A Novel Dual-Function Redox Modulator Relieves Oxidative Stress and Anti-Angiogenic Response in Placental Villus Explant Exposed to Hypoxia—Relevance for Preeclampsia Therapy

SIMPLE SUMMARY: We intend to develop drug candidates for preeclampsia, a complication during pregnancy characterized by maternal high blood pressure, kidney dysfunction, severe cases of eclampsia, and premature birth. There is no cure or clear pathogenesis. This study confirmed that addressing the redox deficiencies and angiogenic imbalances in preeclampsia are valid targets for therapeutic intervention. This will have a significant impact on women who are pregnant and affected by preeclampsia, as well as on their babies. ABSTRACT: Background: Preeclampsia (PE) is a severe, life-threatening complication during pregnancy (~5–7%), and no causative treatment is available. Early aberrant spiral artery remodeling is associated with placental stress and the release of oxygen radicals and other reactive oxygen species (ROS) in the placenta.
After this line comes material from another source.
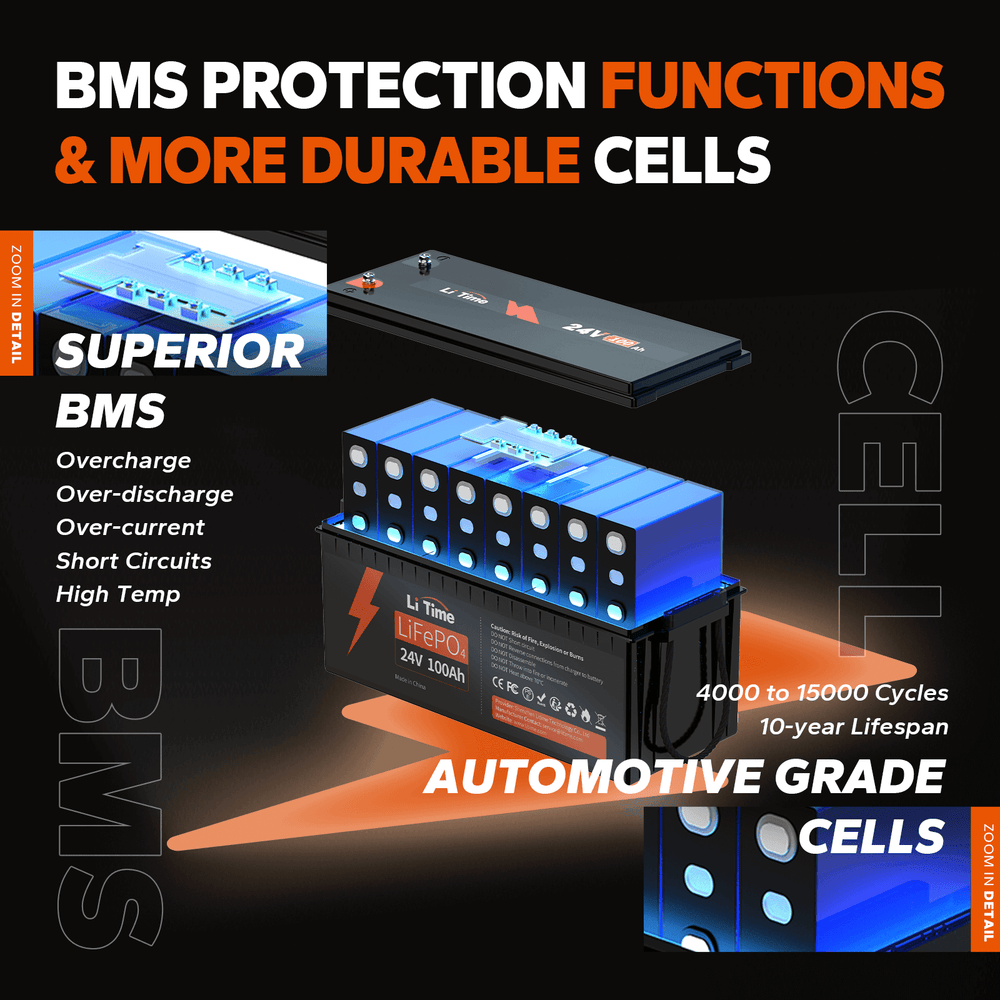 EV Grade cells of LiTime 24V 100Ah lithium in battery: BMS protection functions with overcharge, over discharge, over current, short circuits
This precedes the production of anti-angiogenic factors, which ultimately leads to endothelial and trophoblast damage and the key features of PE. We tested whether a novel dual-function redox modulator—AKT-1005—can effectively reduce placental oxidative stress and alleviate PE symptoms in vitro. Method: Isolated human villous explants were exposed to hypoxia and assessed to determine whether improving cell-redox function with AKT-1005 diminished ROS production, mitochondrial stress, production of the transcription factor HIF1A, and downstream anti-angiogenic responses (i.e., sFLT1, sEng production). MitoTEMPO was used as a reference antioxidant. Results: In our villous explant assays, pretreatment with AKT-1005 reduced mitochondrial-derived ROS production, reduced HIF-1A, sFLT1, and sEng protein expression, while increasing VEGF in hypoxia-exposed villous trophoblast cells, with better efficiency than MitoTEMPO. In addition, AKT-1005 improved mitochondrial electron chain enzyme activity in the stressed explant culture. Conclusions: The redox modulator AKT-1005 has the potential to intervene with oxidative stress and can be efficacious for PE therapy. Future studies are underway to assess the in vivo efficacy of HMP.